Le cadre RACI, méthode distinguant les rôles responsible, accountable, consulted et informed, peut éviter les ambiguïtés. La marque peut être responsable de l’objectif business et du budget. Le distributeur peut être responsable de l’activation et de la qualité d’inventaire. Les équipes data peuvent être responsables du protocole de mesure. Le juridique doit être consulté sur les cas d’usage data et les transferts. La finance doit être informée des hypothèses de contribution et de marge. Pour les programmes majeurs, un accountable unique côté marque et côté distributeur doit trancher les arbitrages.

La gouvernance doit aussi intégrer un portefeuille de tests. Toutes les campagnes ne justifient pas un geo-test ou un holdout complet. Mais tout levier représentant une part significative du budget, par exemple plus de 10 % du plan retail media annuel, ou toute hausse de budget supérieure à 20 %, devrait être soutenu par une preuve plus robuste qu’un dashboard propriétaire. Les tests doivent être planifiés à l’avance pour éviter les biais de saisonnalité, de promotion, de rupture de stock ou de changement d’assortiment.

Conclusion : transformer le retail media lead en contrat de valeur, pas en taxe d’accès


Le retail media peut devenir l’un des leviers les plus puissants du marketing moderne parce qu’il rapproche audience, intention, transaction et mesure. Mais cette proximité est aussi son principal risque. Lorsque le distributeur contrôle l’environnement, la donnée et le reporting, la marque doit fixer des règles avant d’augmenter les budgets. L’enjeu n’est pas de contester la valeur des régies retail. Il est de s’assurer que cette valeur est partagée, mesurable et gouvernée.

Une feuille de route actionnable peut se structurer en sept étapes. Premièrement, définir précisément l’objet acheté : impression, clic, vente, nouveau client, lead qualifié, visite magasin ou valeur incrémentale. Deuxièmement, documenter les droits d’usage de la donnée : finalité, consentement, granularité, durée, transfert et exclusions. Troisièmement, imposer un socle de mesure commun : dépenses nettes, frais, conversions dédupliquées, nouveaux acheteurs, ruptures, promotions, fenêtres d’attribution et qualité lead. Quatrièmement, négocier des tests d’incrémentalité pour les budgets significatifs, avec protocole, MDE, groupes de contrôle et fenêtre d’observation. Cinquièmement, clarifier les règles commerciales : transparence tarifaire, exclusivités, ciblage concurrentiel, pression média et séparation entre budgets défensifs et budgets de croissance. Sixièmement, mettre en place des SLA pour la génération de leads : fraîcheur, champs obligatoires, consentement, déduplication, taux de rejet et retour de qualification. Septièmement, installer une gouvernance récurrente entre marketing, trade, data, juridique, finance et équipes distributeur.

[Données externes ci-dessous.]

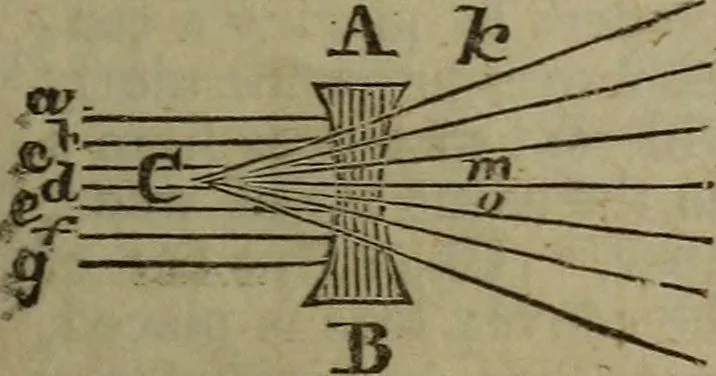 An illustration from The elements of natural and experimental philosophy .., 1834, leaf 130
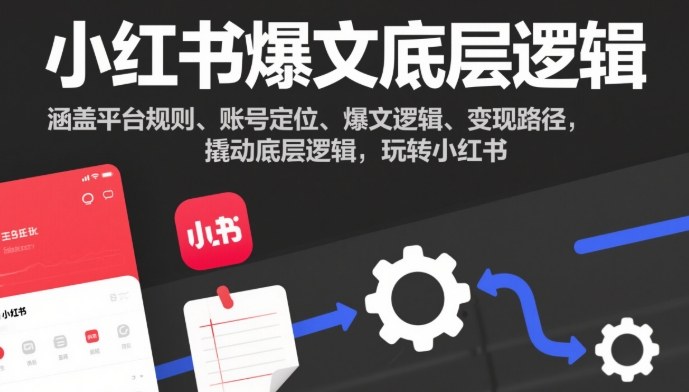 小红书爆文底层逻辑，涵盖平台规则、账号定位、爆文逻辑、变现路径，撬动底层逻辑，玩转小红书-宇文网创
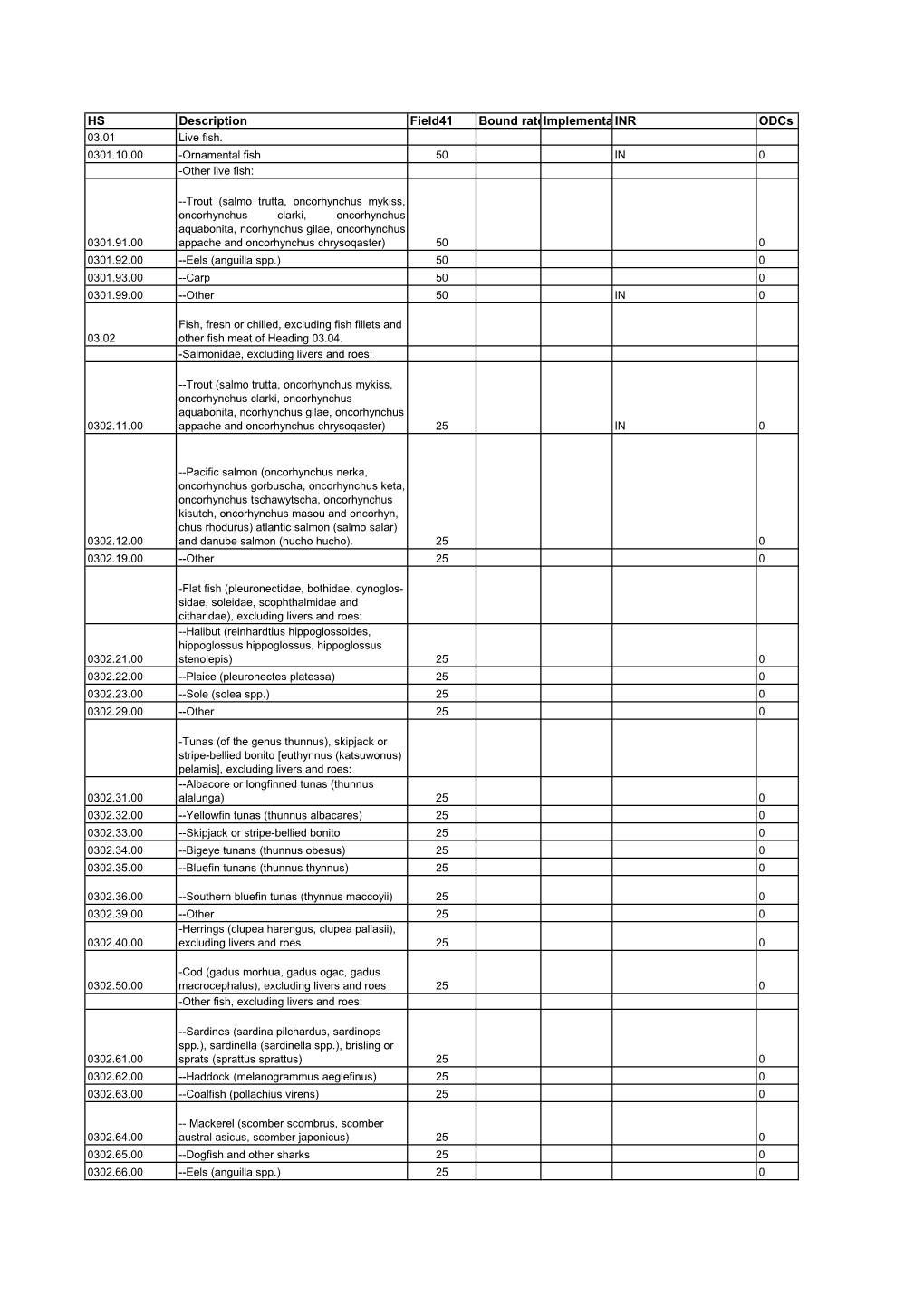 HS Description Field41 Bound Rateimplementationinr Odcs 03.01 Live Fish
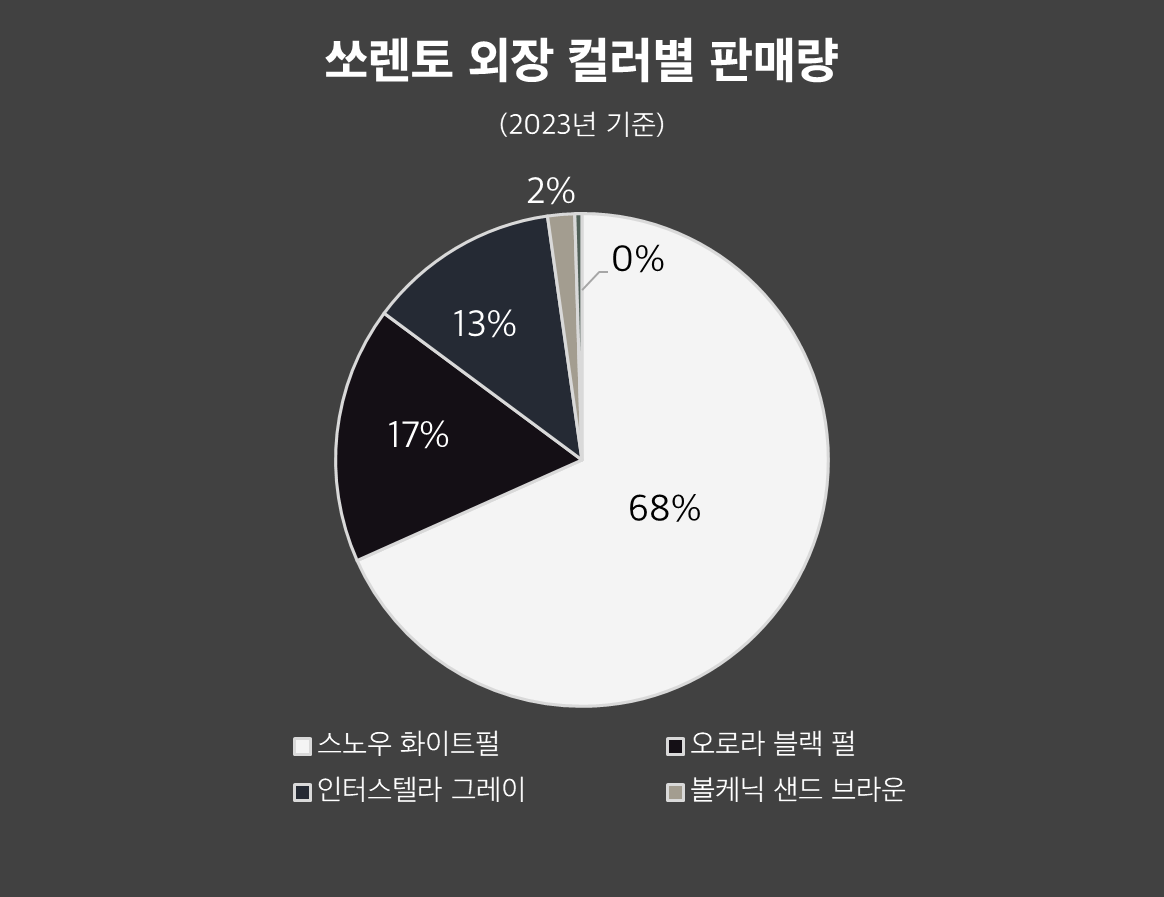 쏘렌토 외장 컬러별 판매량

Le point critique est d’éviter deux excès. Le premier consiste à traiter le retail media comme un simple coût commercial nécessaire pour préserver la relation avec l’enseigne. Cette approche détruit progressivement la discipline média et dilue la responsabilité de performance. Le second consiste à exiger une perfection analytique impossible, qui ralentirait toutes les activations. La bonne approche est proportionnée : plus l’investissement, la sensibilité data ou l’impact commercial est élevé, plus les règles doivent être strictes ; plus l’activation est standardisée et de faible risque, plus l’exécution peut être rapide.

Les distributeurs qui accepteront des standards transparents, des protocoles de mesure robustes et une gouvernance claire construiront une relation de confiance durable avec les marques. Les marques qui structureront leurs exigences avant la négociation sortiront d’une logique de dépendance pour piloter le retail media comme un véritable portefeuille d’investissement. Le retail media lead ne doit pas être seulement un nouveau format à vendre. Il doit devenir un contrat de valeur entre celui qui détient l’accès au client et celui qui finance la création de demande.